Everything in the data gets repeated exactly, except for the pictures.

_Available data_:
--------------------

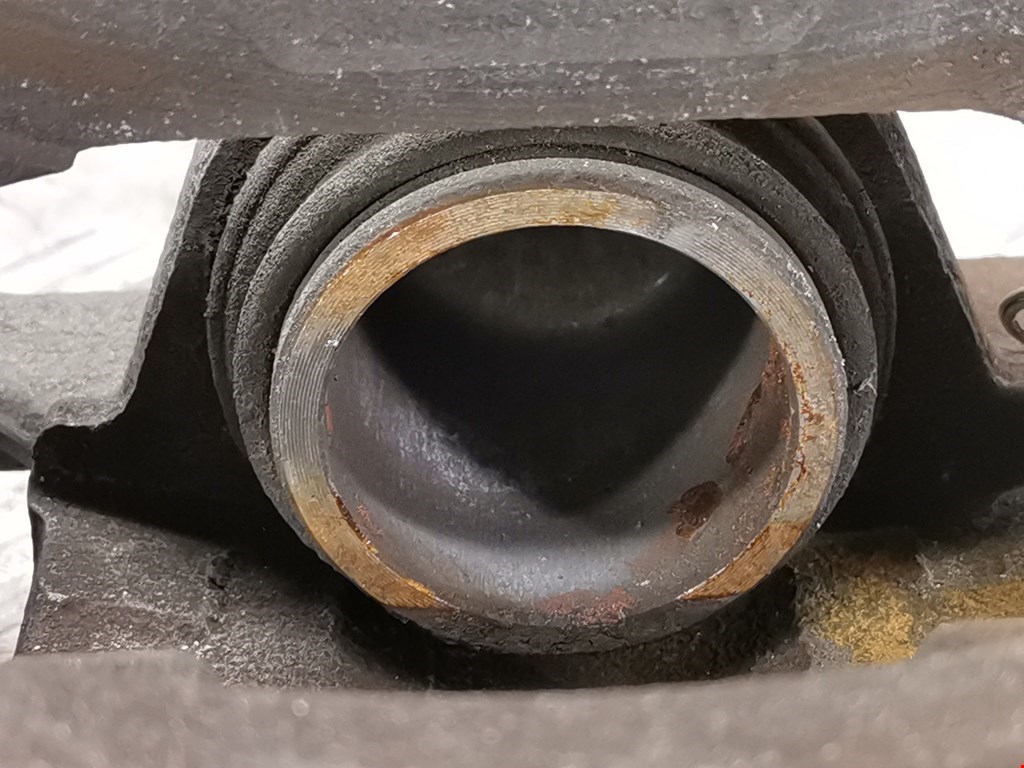 Суппорт задний правый FORD Edge 2006-2014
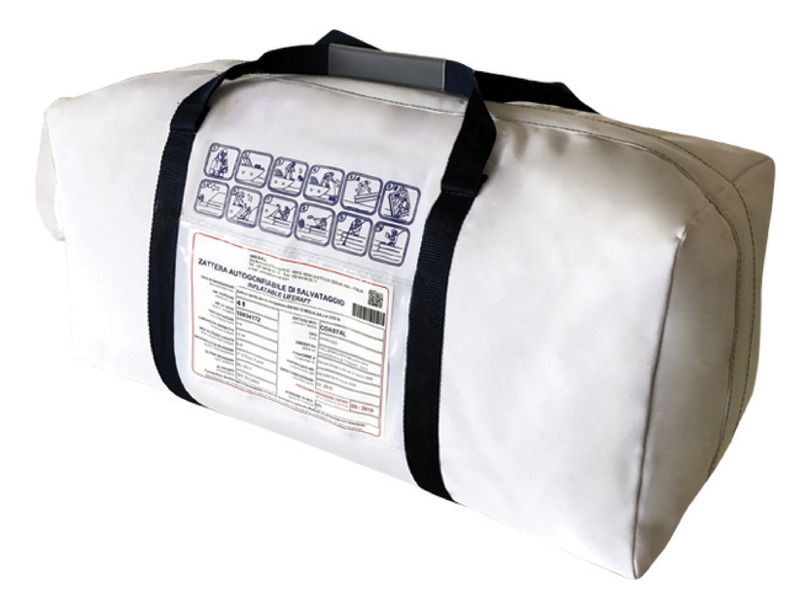 Per navigazione oltre 12 miglia.Conformi al D.M. 12/8/2002, approvate con D.M. 832/2004 del 10/3/2003. Revisione biennale. Versione con contenitore rigido o sacca morbida.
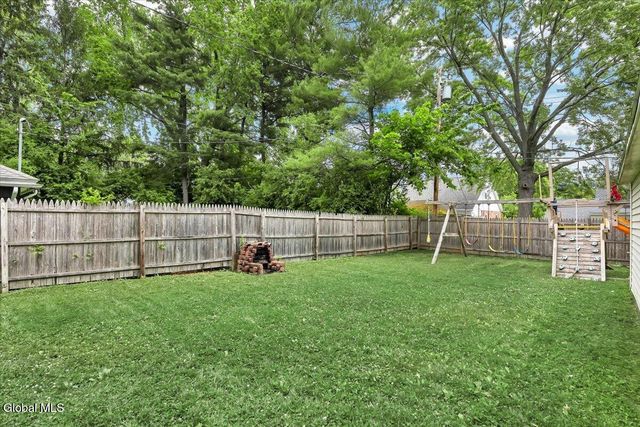 1930 Clifton Park Road, Niskayuna, NY 12309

--------------------

_Solved problem_:
 Суппорт задний правый FORD Edge 2006-2014
 Per navigazione oltre 12 miglia.Conformi al D.M. 12/8/2002, approvate con D.M. 832/2004 del 10/3/2003. Revisione biennale. Versione con contenitore rigido o sacca morbida.
 1930 Clifton Park Road, Niskayuna, NY 12309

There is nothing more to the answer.